HELEN: I think the other thing that is important though is is that the Salmond-Sturgeon conflict does have some Brexit origins in it because they did not agree how to deal with the second referendum issue for Scotland in the aftermath of Brexit. So if you remember that Sturgeon said the day after that there was now material change and that meant a second referendum. And Salmond was pushing for her to move ahead with that a lot more quickly than she was willing to do, and then she retreated from it not least because of what happened in the in the general election. I think for Salmond is is that he understands because it was always his strategy that an independent Scotland requires both the rest of Britain and Scotland to be in the European Union. Once that’s disappeared, or if that’s disappeared I should say, then the whole calculation facing Scottish independence is is very different. And so that's why he was as frustrated as he was with Sturgeon that she didn't push ahead early with the referendum and I think you can start to see the breakdown of their relationship there.

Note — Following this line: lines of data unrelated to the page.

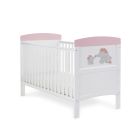 Obaby Grace Inspire Cot Bed - Elephants Pink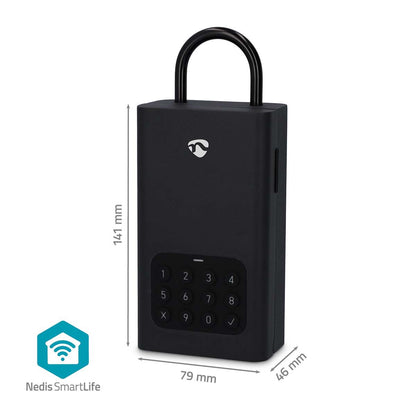 Nedis SmartLife Key Box | Key Safe | Bluetooth® | Outdoor | Key Lock | IPX5 | Black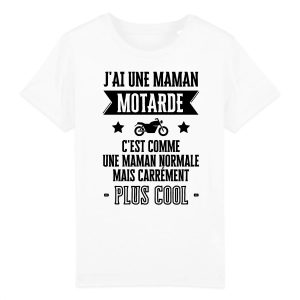 T-Shirt Enfant J’ai une maman motarde T-Shirt Enfant J’ai une maman motarde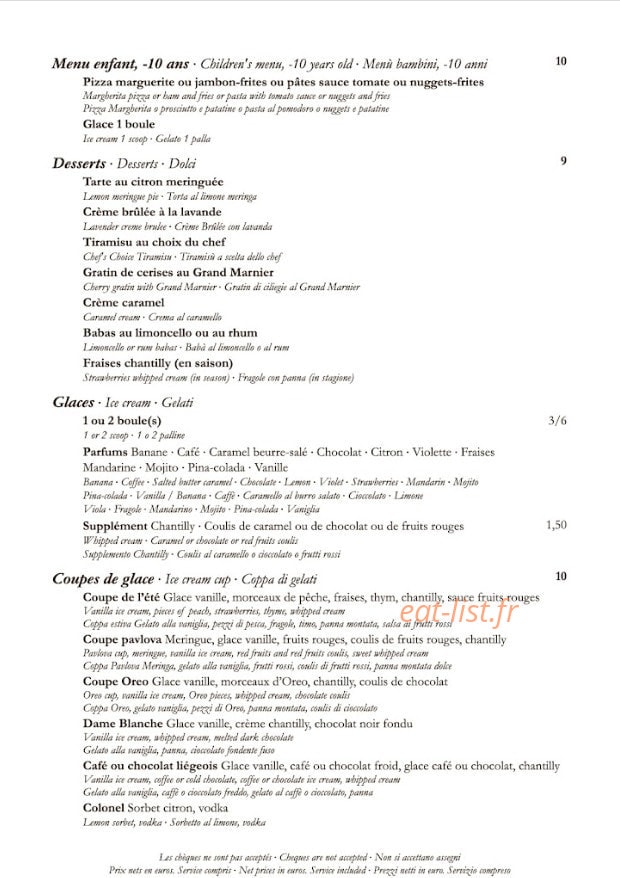 La Cascade — carte page 3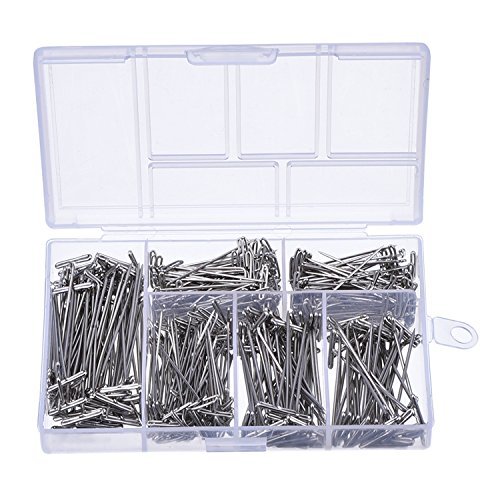 T Pins, 100 Pcs 1.25 Inch - Nickel Plated Steel Wire Wig T-pins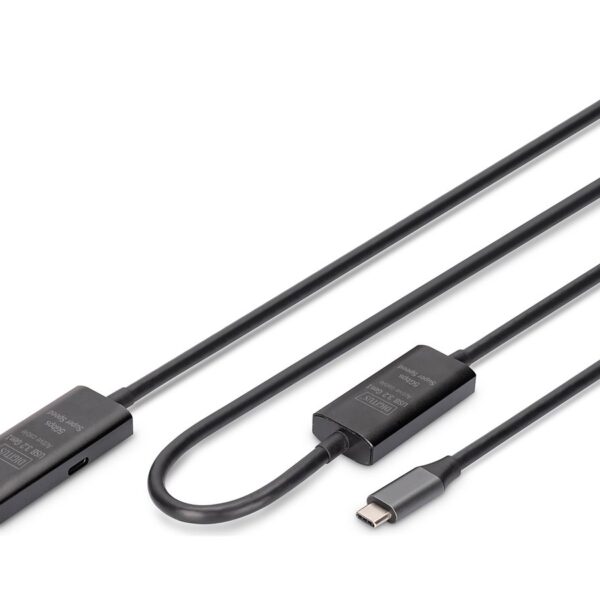 Digitus | Active USB 3.2 Gen1 5G extension cable | DA-73111 | USB-C to USB-A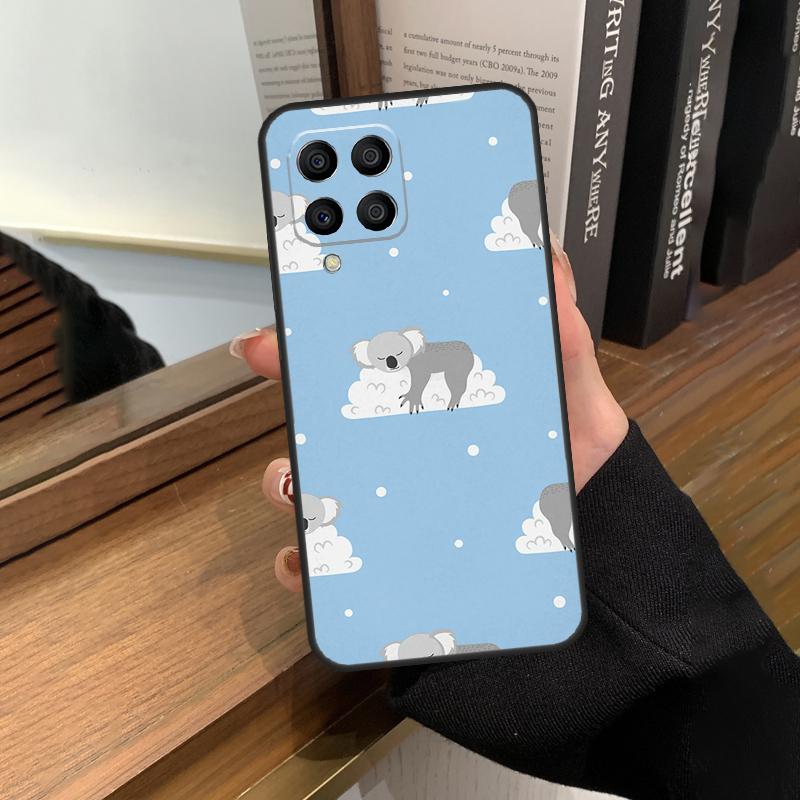 Cute Australia Koala Art Case For Samsung Galaxy M32 M52 M12 M22 M13 M23 M33 M53 M14 M34 M54 M31 M51 M20 M31s M30s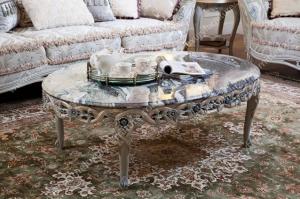 China Classic Carved Marble Center Table For Sale FC-103A on sale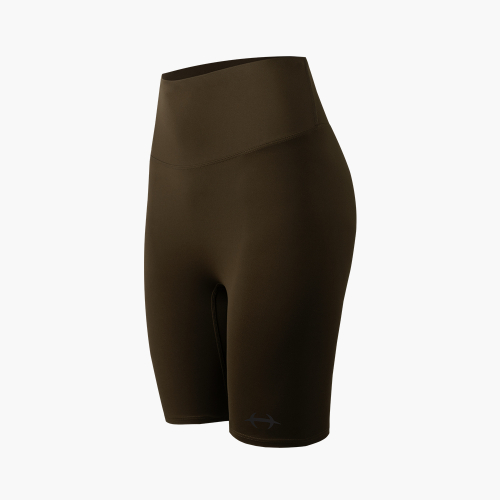 Женские байкерские шорты Support 4.0 (Dark Brown)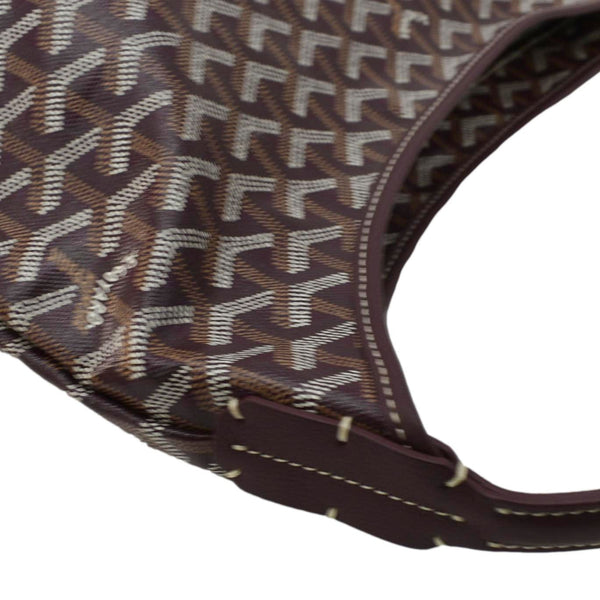 GOYARD Boheme Canvas Hobo Bag Burgundy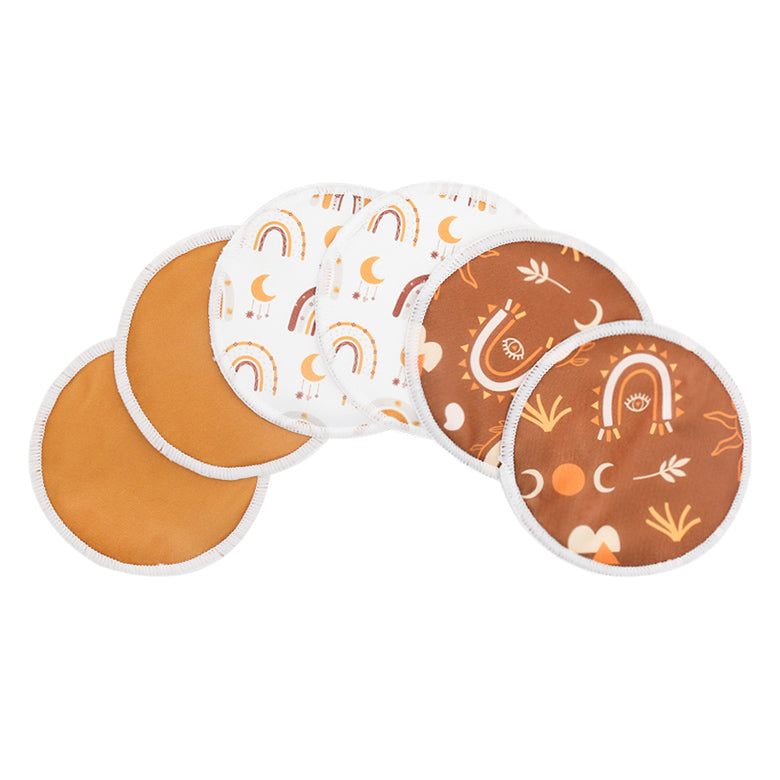 Reusable Bamboo Nursing Breast Pads - Set of 6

KENNETH: One other possibility is of course that May is running a minority government. Well Labour could run a minority government. We could have a change of government without a general election and that would be an interesting position then to see how could a minority Labor government form any kind of consensus within parliament for a different kind of deal.
DAVID: Do you honestly think that is likelier than any of the other very unlikely options that we've canvassed here? We're still looking for the option that might be likely, but…
KENNETH: If the major constraining factor is time and having to do something... this is something you could do immediately. It could happen overnight.
HELEN: But you would need the DUP to support Labour.
KENNETH: Yeah but it could happen overnight. Everything else, general elections, other referendums, take time. This could happen immediately.
DAVID: And if it does happen overnight tonight, oh I don't know…
HELEN: The DUP won’t vote with Labour in a vote of confidence even though they oppose the government on the most important issue of the Day. It’s incredibly difficult to see how they provide support for a Labour government. [45:36]
DAVID: It's now just gone 7:30 on Wednesday evening. I'm sitting in my car in a car park outside my son's basketball game. I just listened on the radio to the result of the vote of no confidence. It was, as everyone seems to have predicted. No one's mind appears to have changed on anything in the last few days despite all the talking. And Theresa May is still there at the heart of this process, the heart of British politics. We have a parliament that seems as though it can't live with her and it can't live without her. Listening to her this evening, her short statement after the vote in which she made an offer to the leaders of the other parties, including Jeremy Corbyn, who didn't sound thrilled to be offered anything, that she would talk to them. She still seems to be the person she's been throughout. She is entirely predictable. And somehow completely unfathomable. It's so hard to work out where or how she is going to give something away. But she must. Or else we leave without a deal. She's offered an amendable motion on Monday. She's been required to provide that and so we'll see. It will be the beginning maybe of the testing of the views of the Commons on some other questions. But there's still no sign of an agreement, a consensus, that can secure a majority. And on Monday we will be five days nearer the 29th of March. Something has to give, and it may be that what has to give sooner rather than later is that date.